A closer look at Ethereum 2.0 and Proof of Stake
The halving of bitcoin isn’t the only noteworthy event in the world of crypto this summer, as we prepare for the launch of Ethereum 2.0 – a long-awaited upgrade to the Ethereum public mainnet.
Due to the immense complexity of the upgrade, it is still in the development and testing phases, which means a concrete launch date has yet to be set. However, industry experts note that as long as everything stays on track, we should see a launch sometime during the summer of 2020.
With that to-be date soon on the horizon, here is a closer look at why ETH2 is so highly anticipated and how its design will set it apart from other forms of crypto.
A game-changing upgrade
There have been several planned upgrades to Ethereum’s mainnet in the past, but ETH2 is different. It is being specially crafted to accelerate Ethereum’s usage and adoption by dramatically improving its performance and the very way it’s earned.
While the current Ethereum network – and several other popular networks like Bitcoin – make use of a Proof of Work (PoW) consensus mechanism, ETH2 is going to leverage a Proof of Stake (PoS) structure that will operate much differently.
Proof of Work vs. Proof of Stake
In a PoW network, miners compete using computing power to try and be the first to solve a block and earn the reward. While these chains are highly secure, they do have their shortcomings, both in terms of scalability and accessibility.
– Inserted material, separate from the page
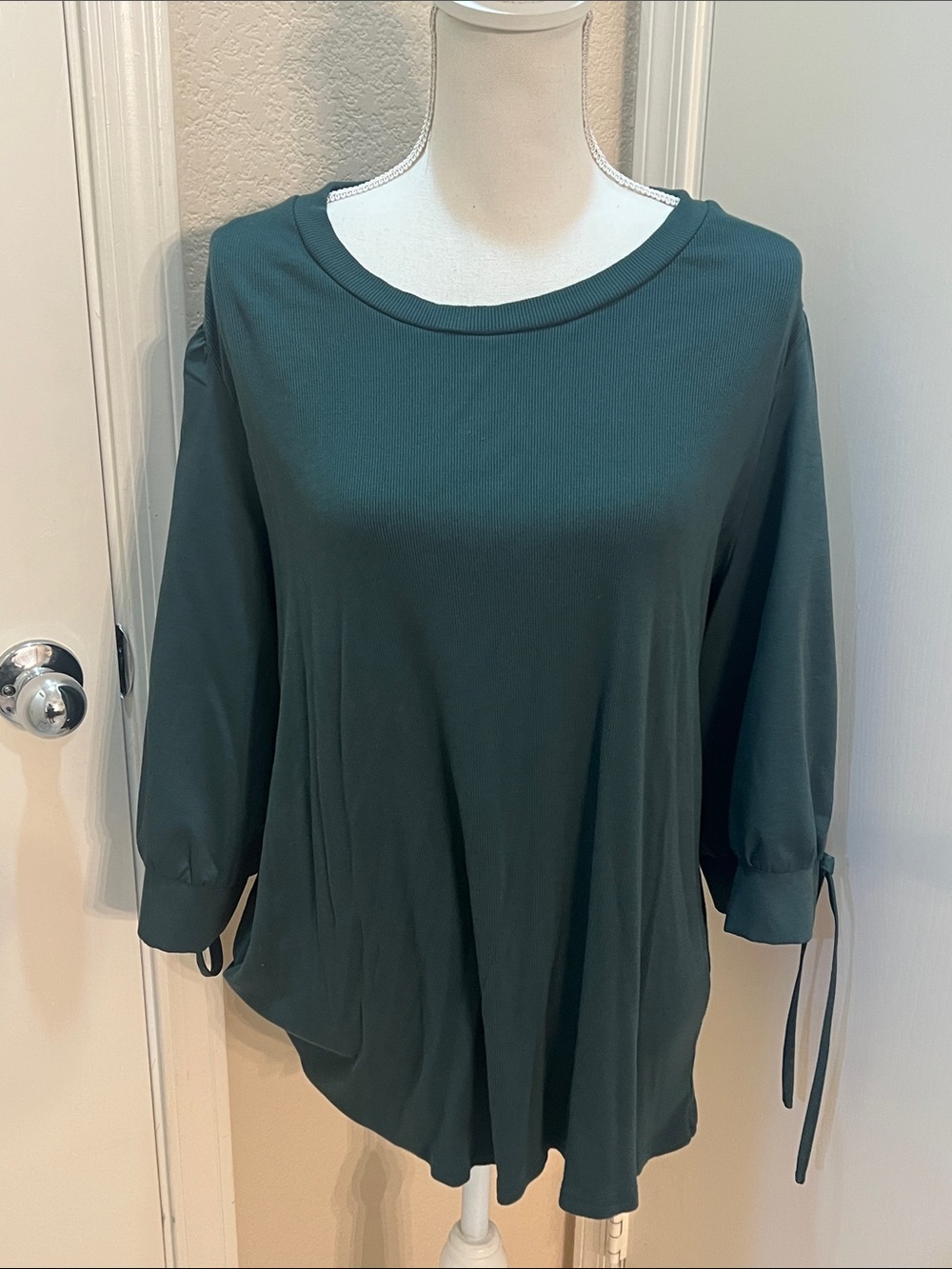 Women’s green Tie-Cuff Top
The PoS model, on the other hand, takes the two key aspects of miners and computing power and replaces them with the new factors of “validators” and “stake.”
Validators and stake
The purpose of validators is to effectively replace miners, in that they are responsible for maintaining the state of the network. They select a block and stake 32 ETH toward it by depositing the funds into what is known as a deposit contract.
Validators then run the ETH2 client software and are randomly selected to propose and attest to blocks on the chain. Correctly proposing and attesting to a block will yield a reward equal to a certain percentage of the stake – typically between 4% and 10%.
Advantages of Proof of Stake
So why the shift from PoW to PoS?
For starters, PoS is generally considered to be more energy-efficient in that it doesn’t require massive amounts of power and energy for users to realize a block reward. Investors could theoretically operate from a standard laptop or desktop and still have a fair shot at success.
The penalty for not solving a block is also greater, which incentivizes fair play. In a PoW network, the only penalty for trying and failing to solve a block is the cost of electricity burned. In a PoS network, however, the penalty is the amount of ETH staked. This more concrete concept of risk and reward promotes acting in the best interest of the network.
PoS also promotes decentralization, which has been an issue of late in PoW networks where a few large mining pools with high computing power control a significant portion of the action. When computing power is removed from the equation, it is easier for investors to enter and compete.
Another key component of ETH2 is that it will make use of a base scaling solution known as sharding, wherein the network is divided into many different portions with each one capable of processing its own data.
This accelerates the rate of data processing as users are able to verify data on individual shards rather than having to do so on the network as a whole.
Metrics pointing toward a healthy launch for ETH2
In recent months, several key metrics have forecast positivity in the Ethereum landscape, including a sharp increase in addresses over the past two years and a recent uptick in market activity.
ETH options volume hit all time highs on Deribit with over $20mm being transacted in a single day. Investors are most likely using ETH options to both hedge and speculate on the price of Ethereum going into Ethereum’s 2.0 launch in July. @skewdotcom pic.twitter.com/3H9XLayxNb
— BKCoinCapital (@BKCoinCapital) June 1, 2020
The market is becoming more evenly distributed between both large and small investors, with many trying to stock up on ETH before launch so they will have more to stake – and thus more to gain when the time comes.